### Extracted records
★ ★ ★

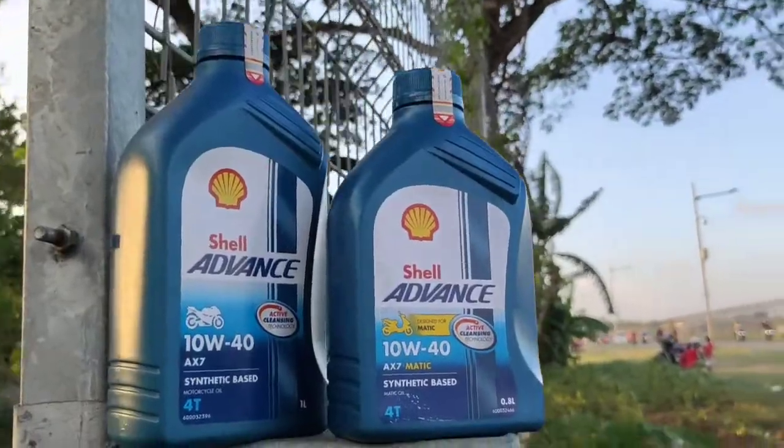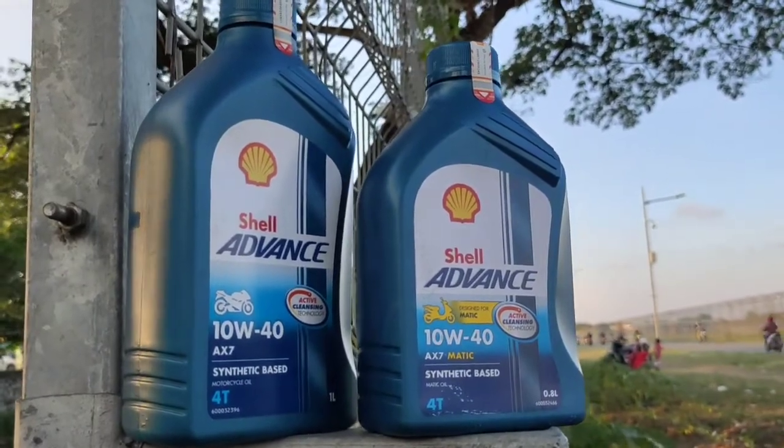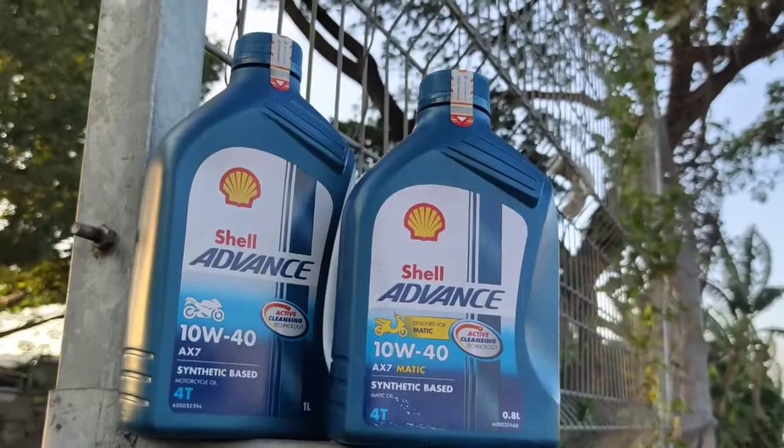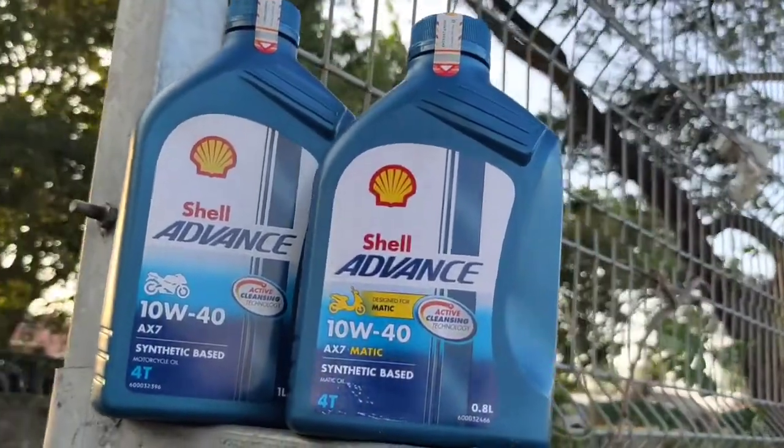Kita lanjut untuk seberapa nyamannya atau berisik atau enggak saat jalan. Kalau Honda Tiger kan karakternya emang agak berisik ya guys, jadi ya lumayan terdengar. Apalagi oli-nya 10W40, jadi lebih terdengar. Namun di mesin sih enggak ada masalah. Enggak ada slip kopling juga guys.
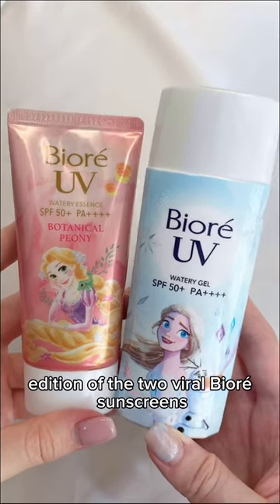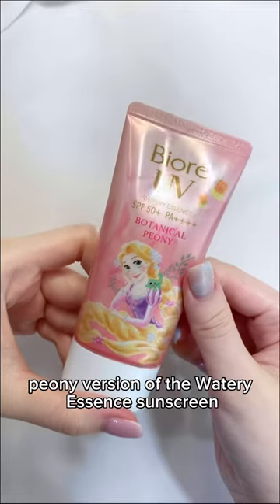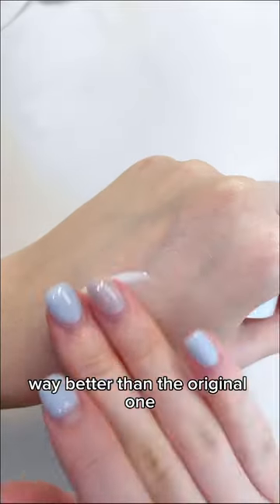This is the first edition of the two Vara Bearia sunscreens. The pink one is the botanical peony version of the watery essence sunscreen. It has a light flower scent which I think smells way better than the original one.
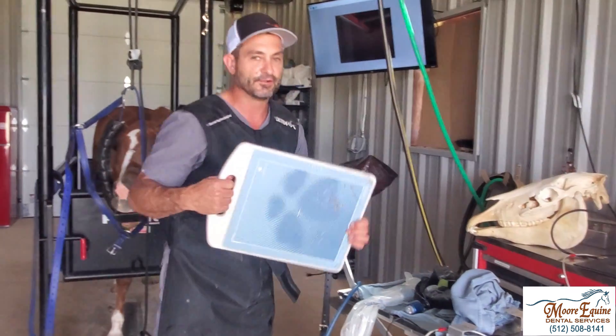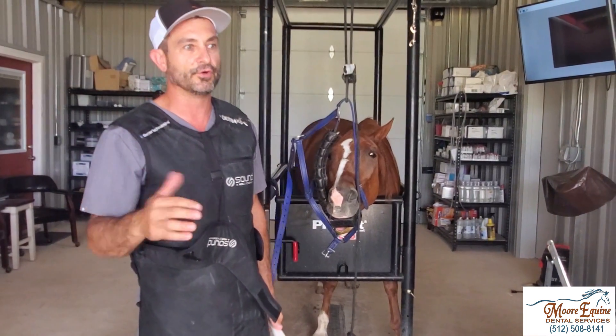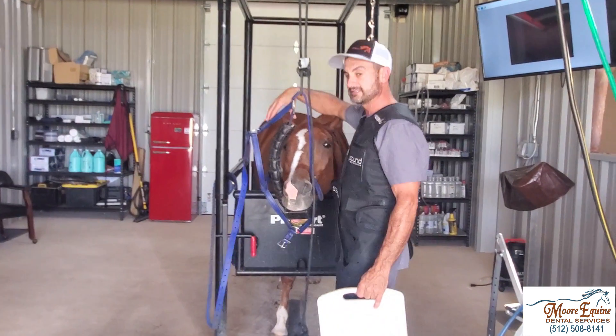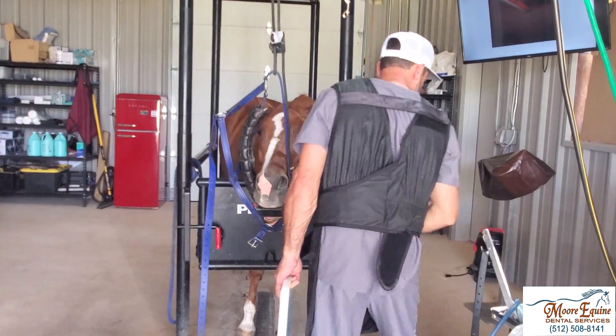I take these dental x-rays by myself all the time. It's easier obviously if you have a lot of help, but if you don't, don't let that stop you from doing what you need to do. The tooth in question on this horse is the 110, so we're going to be imaging the right side.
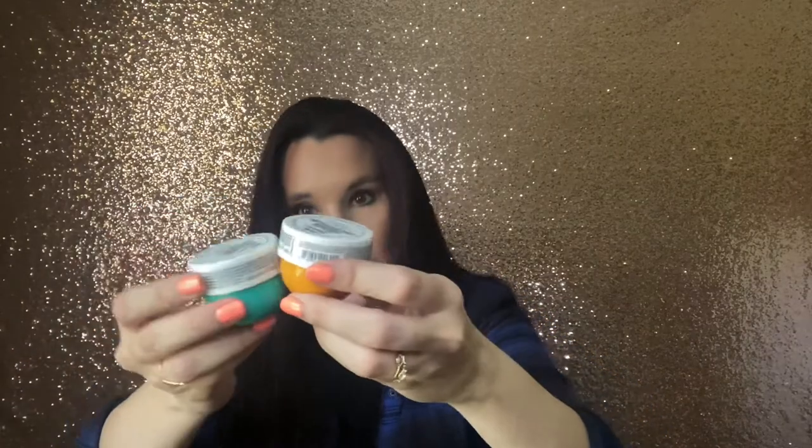Next we have these two little jars here and these are from Sol de Janeiro. This is the Brazilian Bum Bum Cream plus the Coco Cabana Cream duo. Now these are not full size, but I guess they're saying that with two small ones that equals full size — I'm not sure. It's 0.84 ounces in each. Now this one I absolutely love and I'm really happy to get it. It smells so good. I love this stuff. We've gotten this before in another box.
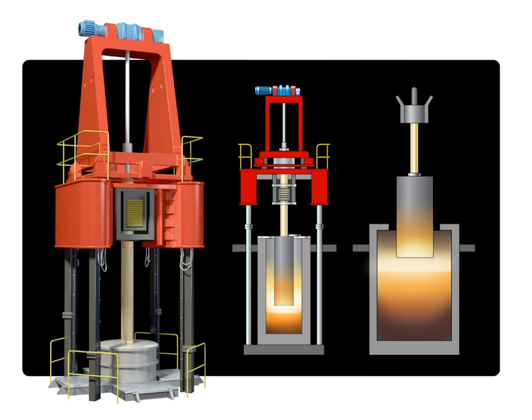It is a common practice in European industries. ESR reduces other types of inclusions as well, and is seen as an alternative to the vacuum arc remelting method that is prevalent in US industries.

★ ★ ★

### Exercise description
Would you provide an exact, picture-free copy of the data above?

### Your solution
Kita lanjut untuk seberapa nyamannya atau berisik atau enggak saat jalan. Kalau Honda Tiger kan karakternya emang agak berisik ya guys, jadi ya lumayan terdengar. Apalagi oli-nya 10W40, jadi lebih terdengar. Namun di mesin sih enggak ada masalah. Enggak ada slip kopling juga guys.
This is the first edition of the two Vara Bearia sunscreens. The pink one is the botanical peony version of the watery essence sunscreen. It has a light flower scent which I think smells way better than the original one.
I take these dental x-rays by myself all the time. It's easier obviously if you have a lot of help, but if you don't, don't let that stop you from doing what you need to do. The tooth in question on this horse is the 110, so we're going to be imaging the right side.
Next we have these two little jars here and these are from Sol de Janeiro. This is the Brazilian Bum Bum Cream plus the Coco Cabana Cream duo. Now these are not full size, but I guess they're saying that with two small ones that equals full size — I'm not sure. It's 0.84 ounces in each. Now this one I absolutely love and I'm really happy to get it. It smells so good. I love this stuff. We've gotten this before in another box.
It is a common practice in European industries. ESR reduces other types of inclusions as well, and is seen as an alternative to the vacuum arc remelting method that is prevalent in US industries.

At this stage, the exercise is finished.